You should not double the potential energy $U=-\vec p\cdot \vec E~$ for the following reason: It costs no energy to bring in the first dipole from infinity because there is no electric field to begin with. When you bring in the second dipole, the work that you do to assemble the system is equal to the change in potential energy of the system from the initial value of zero to the final value $-\vec p\cdot \vec E$.

 

[Ivan Hu]

Thanks you kuruman for your answer. That makes sense. Is that the only mistake that you’ve picked up?

 

[kuruman]

Thanks you kuruman for your answer. That makes sense. Is that the only mistake that you’ve picked up?

Yes. I did not plug in the numbers. I assume you can double check these on your own.

 

[Matthew Strasiotto]

Hi Kuruman,
Thank you for answering Ivan's question!
I'm actually working on the same past paper (Well, a previous one, with identical parameters) and we've produced quite different results that I'd like to verify.
My answer for $\vec p \cdot \vec r$ was 0, given the two vectors are perpendicular, which produced a bit fat 0 for V, which basically propagated throughout the next few questions.
I can see that Ivan's done some stuff, and it looks like good math to me, but I don't know why my working would be wrong.

 

[Ivan Hu]

My answer for →p⋅→rp→⋅r→ \vec p \cdot \vec r was 0

That's because the dot product is not zero. You can see from my working that the r vector has an x and y component (the variables x and y respectively). The p vector has no x component but a y component of 6.2⋅10^-31.

 

[kuruman]

I can see that Ivan's done some stuff, and it looks like good math to me, but I don't know why my working would be wrong.

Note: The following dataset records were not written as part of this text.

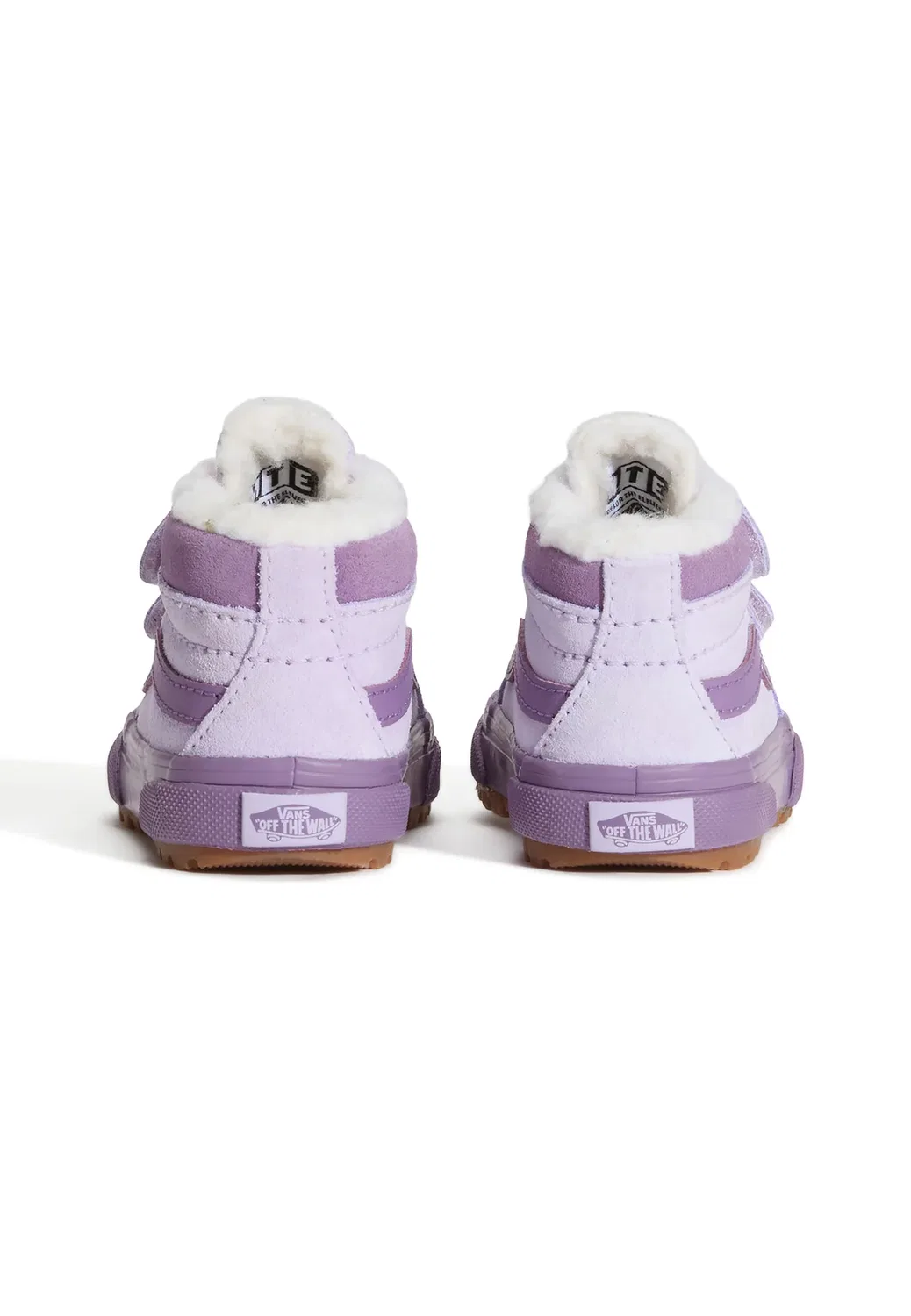 Кроссовки Sk8-Mid reissue с застежкой-липучкой и утеплителем. Унисекс Vans, Light Purple — фото 2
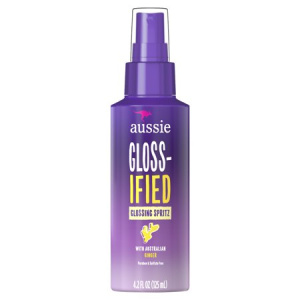 Aussie Glossified Sulfate-Free Glossing Spritz Spray 4.2 Fl Oz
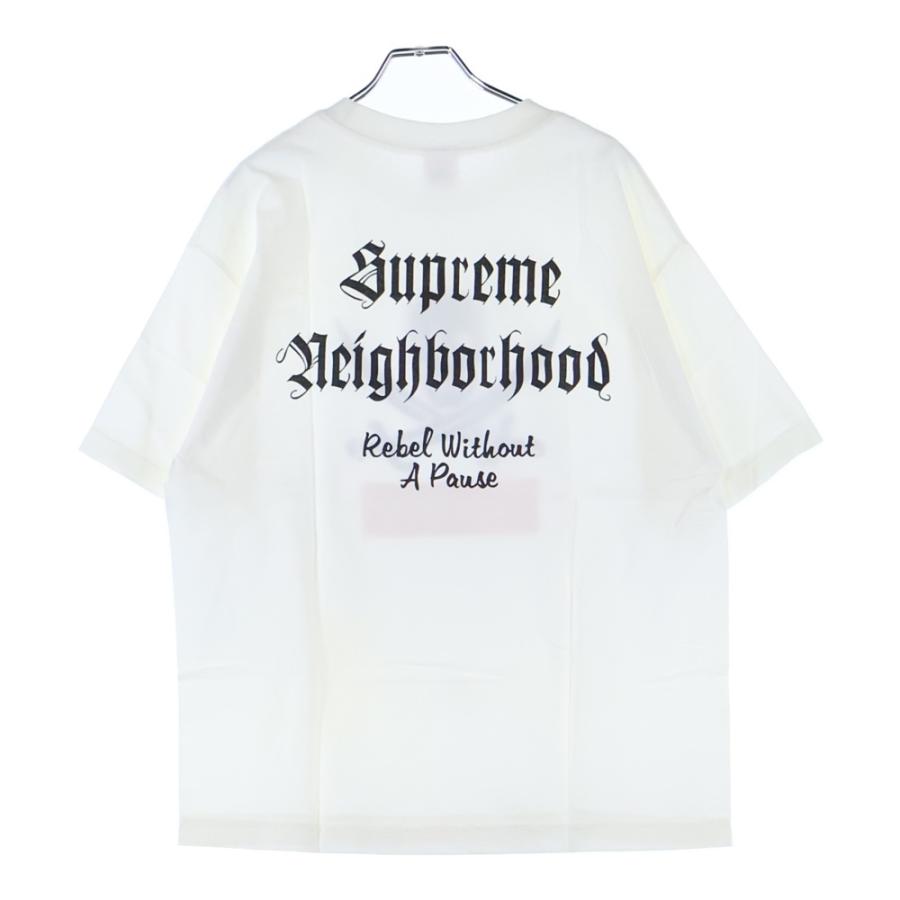 Supreme（シュプリーム） 07SS ×NEIGHBORHOOD Skull Box Logo Tee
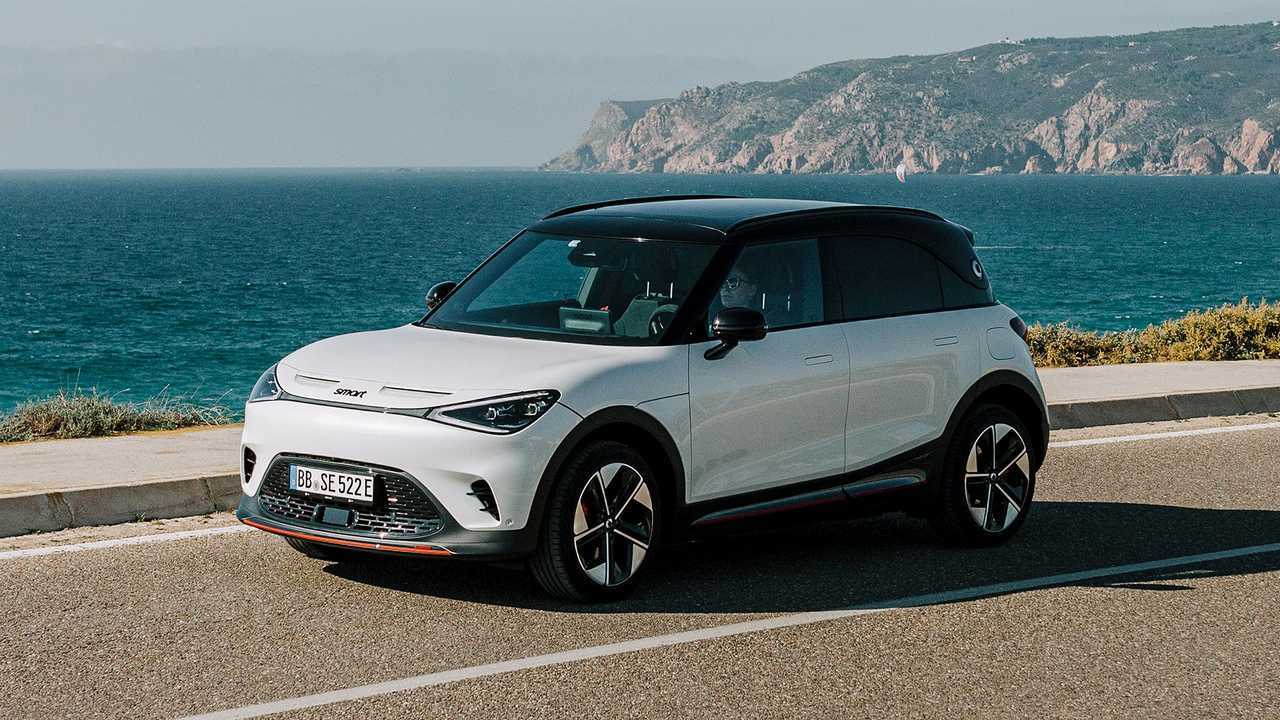 Smart #1 2024: gamma motori, allestimenti e caratteristiche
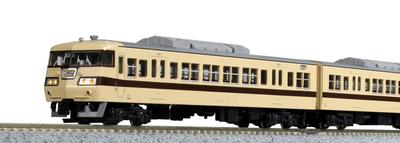 KATO Модель поезда N Gauge 117 Series New Rapid из 6 вагонов 10-1607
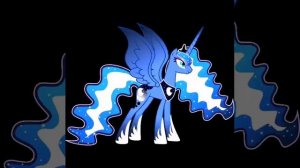 песня луны и луной пони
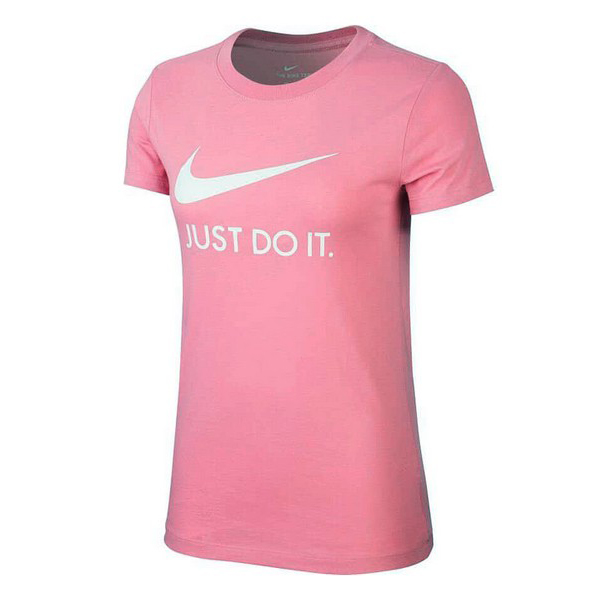 Tricou cu Mânecă Scurtă Femei Nike NSW TEE JDI Roz - Mărime M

Please examine Ivan's working carefully. The y-component of the electric field $\vec E$ at the location of the dipole is the negative derivative of the electric potential $V$ with respect to $y$. Your mistake is that you found the value of $V$ at a specific point, so naturally when you tried to take the derivative to find the electric field, you got zero. No surprise there because the derivative of a constant is always zero. To handle this, first you need to find a general expression for $V$, then take the derivative to find a general expression for the electric field with $y$ as a variable and finally evaluate that expression at $y=0$. That was Ivan's approach.

 

[Matthew Strasiotto]

Please examine Ivan's working carefully. Your mistake is that you found the value of $V$ at a specific point, so naturally when you tried to take the derivative to find the electric field, you got zero. To handle this, first you need to find a general expression for $V$, then take the derivative to find a general expression for the electric field with $y$ as a variable and finally evaluate that expression at $y=0$.

Ivans approach makes plenty of sense - I tried to cut corners and got my comeuppance :D
Thank you for your rigorous breakdown - I believe I have it now.